B-trees and Variants
Tree-based data structures arise naturally in the online setting, in which the data can be updated and queries must be processed immediately. Binary trees have a host of applications in the (internal memory) RAM model. In order to exploit block transfer, trees in external memory generally use a block for each node, which can store Θ(B) pointers and data values. The well-known balanced multiway B-tree due to Bayer and McCreight [25, 43, 77] is the most widely used nontrivial EM data structure. The degree of each node in the B-tree (with the exception of the root) is required to be Θ(B), which guarantees that the height of a B-tree storing N items is roughly logB N . B-trees support dynamic dictionary operations and one-dimensional range search optimally in linear space, O(logB N ) I/Os per insert or delete, and O(logB N + z) I/Os per query, where Z = zB is the number of items output. When a node overflows during an insertion, it splits into two half-full nodes, and if the splitting causes the parent node to overflow, the parent node splits, and so on. Splittings can thus propagate up to the root, which is how the tree grows in height. Deletions are handled in a symmetric way by merging nodes.

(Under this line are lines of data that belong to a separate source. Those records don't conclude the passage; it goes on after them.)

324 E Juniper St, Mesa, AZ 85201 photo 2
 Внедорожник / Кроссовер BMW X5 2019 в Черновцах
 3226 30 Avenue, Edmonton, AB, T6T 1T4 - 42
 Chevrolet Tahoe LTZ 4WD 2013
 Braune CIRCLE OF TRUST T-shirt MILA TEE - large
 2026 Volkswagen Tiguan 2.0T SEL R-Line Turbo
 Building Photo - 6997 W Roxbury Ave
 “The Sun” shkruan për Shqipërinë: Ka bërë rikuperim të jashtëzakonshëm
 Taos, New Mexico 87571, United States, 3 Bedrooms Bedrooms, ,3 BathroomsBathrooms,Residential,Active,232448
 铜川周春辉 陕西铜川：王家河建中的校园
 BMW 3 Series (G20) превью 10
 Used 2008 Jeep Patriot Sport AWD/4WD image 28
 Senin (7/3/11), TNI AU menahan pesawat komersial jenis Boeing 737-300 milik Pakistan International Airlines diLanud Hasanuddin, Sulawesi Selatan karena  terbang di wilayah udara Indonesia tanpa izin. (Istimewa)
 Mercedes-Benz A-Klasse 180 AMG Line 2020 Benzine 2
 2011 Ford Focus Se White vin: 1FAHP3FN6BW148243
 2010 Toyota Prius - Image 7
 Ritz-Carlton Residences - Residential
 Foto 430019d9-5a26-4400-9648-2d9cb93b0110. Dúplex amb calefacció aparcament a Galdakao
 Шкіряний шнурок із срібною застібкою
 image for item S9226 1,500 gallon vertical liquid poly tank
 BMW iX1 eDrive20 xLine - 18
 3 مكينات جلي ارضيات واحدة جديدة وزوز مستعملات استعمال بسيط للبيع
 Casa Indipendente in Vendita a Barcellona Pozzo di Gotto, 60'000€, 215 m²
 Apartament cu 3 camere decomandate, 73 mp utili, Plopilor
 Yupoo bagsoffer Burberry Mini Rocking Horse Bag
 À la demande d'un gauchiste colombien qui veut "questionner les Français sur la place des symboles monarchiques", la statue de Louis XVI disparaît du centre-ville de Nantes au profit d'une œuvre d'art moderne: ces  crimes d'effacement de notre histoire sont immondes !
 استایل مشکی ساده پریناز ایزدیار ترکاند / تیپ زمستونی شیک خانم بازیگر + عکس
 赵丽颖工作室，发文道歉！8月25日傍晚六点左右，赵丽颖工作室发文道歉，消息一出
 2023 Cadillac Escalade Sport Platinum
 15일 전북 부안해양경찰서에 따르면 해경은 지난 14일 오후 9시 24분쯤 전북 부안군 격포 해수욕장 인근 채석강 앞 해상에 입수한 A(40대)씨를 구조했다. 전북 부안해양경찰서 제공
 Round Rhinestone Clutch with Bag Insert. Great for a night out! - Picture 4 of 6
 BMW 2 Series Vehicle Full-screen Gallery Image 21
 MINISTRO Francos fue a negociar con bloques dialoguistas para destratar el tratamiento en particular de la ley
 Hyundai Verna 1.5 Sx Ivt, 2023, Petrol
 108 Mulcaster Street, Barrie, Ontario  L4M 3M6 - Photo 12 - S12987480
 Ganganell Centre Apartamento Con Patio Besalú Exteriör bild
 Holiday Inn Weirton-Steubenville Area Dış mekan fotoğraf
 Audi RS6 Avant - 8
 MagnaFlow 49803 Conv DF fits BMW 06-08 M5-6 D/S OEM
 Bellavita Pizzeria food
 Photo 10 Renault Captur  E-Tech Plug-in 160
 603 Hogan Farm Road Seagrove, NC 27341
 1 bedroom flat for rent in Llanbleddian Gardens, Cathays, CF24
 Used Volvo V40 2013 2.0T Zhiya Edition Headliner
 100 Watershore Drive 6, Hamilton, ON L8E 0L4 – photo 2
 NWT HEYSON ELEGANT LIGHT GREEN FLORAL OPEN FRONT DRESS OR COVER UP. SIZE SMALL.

In the B+ -tree variant, pictured in Figure 27.4, all the items are stored in the leaves, and the leaves are linked together in symmetric order to facilitate range queries and sequential access. The internal nodes store only key values and pointers and thus can have a higher branching factor. In the most popular variant of B+-trees, called B*-trees, splitting can usually be postponed when a node overflows by “sharing” the node’s data with one of its adjacent siblings. The node needs to be split only if the sibling is also full; when that happens, the node splits into two, and its data and those of its full sibling are evenly redistributed, making each of the three nodes about two-thirds full. This local optimization reduces the number of times new nodes must be created and thus increases the storage utilization. And since there are fewer nodes in the tree, search I/O costs are lower. When no sharing is done (as in B+-trees), Yao [129] shows that nodes are roughly ln 2 ≈ 69% full on the average, assuming random insertions. With sharing (as in B*-trees), the average storage utilization increases to about 2 ln(3/2) ≈ 81% [20, 81]. Storage utilization can be increased further by sharing among several siblings, at the cost of more complicated insertions and deletions. Some helpful space-saving techniques borrowed from hashing are partial expansions [21] and use of overflow nodes [112].
A cross between B-trees and hashing, where each subtree rooted at a certain level of the B-tree is instead organized as an external hash table, was developed by Litwin and Lomet [84] and further studied in [19, 85]. O’Neil [93] proposed a B-tree variant called the SB-tree that clusters together on the disk symmetrically ordered nodes from the same level so as to optimize range queries and sequential access. Rao and Ross [100, 101] use similar ideas to exploit locality and optimize search tree performance in internal memory. Reducing the number of pointers allows a higher branching factor and thus faster search.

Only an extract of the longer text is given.